Apollo 12 astronauts Alan Bean and Charles Conrad Jr. examine different layers of the Earth in Arizona. (Image credit: NASA)

Geologist astronauts

To tailor the program to astronauts, discussions emphasize how to do geology from a distance, whether that means from the space station or in preparation for landing on another planetary body. While small geologic features won't necessarily be visible, there's plenty that is.

"The orbital perspective gives you a great viewpoint," Hurtado said. For example, in 2009, astronauts aboard the space station captured photographs of some of the earliest stages of a volcanic eruption — phases scientists usually don't see — unfolding at Sarychev Peak northeast of Japan. Their images unleashed a frenzy of hypotheses among volcanologists about how to explain what was happening. (Last summer, the trainees spoke with government volcanologists tracking the then-active Kilauea eruption.)

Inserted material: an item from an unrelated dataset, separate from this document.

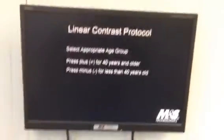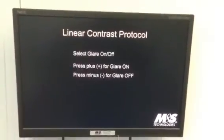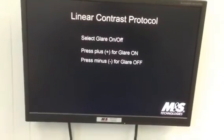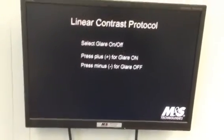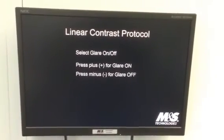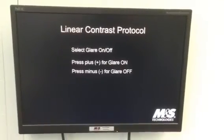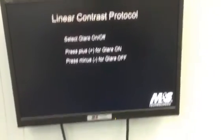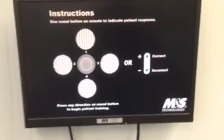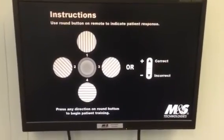You'll then get to choose which age group you're working with, I'll say over 40, and whether you want glare on or off, if glare is available on your M&S chart. And then when you go past there, it's going to give you some instructions for the remote about how to answer.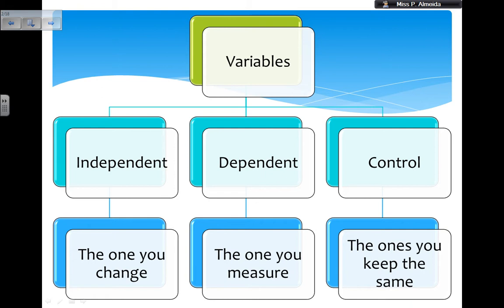The control variables are the ones that you keep the same to make the test fair. You shouldn't just say you use control variables to keep the test fair. If you want to give a better answer, you should say something such as 'for comparison,' or 'if I don't control this variable it will have an effect on the dependent variable.' For example, if I don't control the temperature of the room, this could affect the heating of my substance.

The training also stretches beyond rocks and into topics like atmospheric science, oceanography and land-use patterns to prepare astronauts for the full range of Earth-observation opportunities available from orbit.

Astronaut candidate Jasmin Moghbeli examines a rock sample. (Image credit: Norah Moran/NASA)

When it comes to worlds beyond Earth, that distance could shrink someday soon. These astronaut candidates could be among the first humans to set foot on other worlds since the end of the Apollo program in 1972, which means they need to be prepared to deal with how planetary science manifests itself beyond Earth.

For astronauts who become used to the view from orbit, that perspective will still be crucial beyond Earth. "All surface exploration is going to start with remote-sensing data anyhow," Evans said. By seeing the same terrestrial features from different viewpoints, planetary explorers will be better-equipped to understand planetary features elsewhere before touching down.

And if they do touch down, they'll have plenty to explore. If her astronaut trainee students could make one geological discovery in the course of their careers, Tewksbury said, she knows precisely what she hopes they would find — evidence of life on Mars. "I think that would be incredible, I mean, that's the holy grail," she said.

And it's fundamentally a question of geology, she said. "If it's there, it'll be in the rock record."

Email Meghan Bartels at or follow her @meghanbartels. Follow us on Twitter @Spacedotcom and on Facebook.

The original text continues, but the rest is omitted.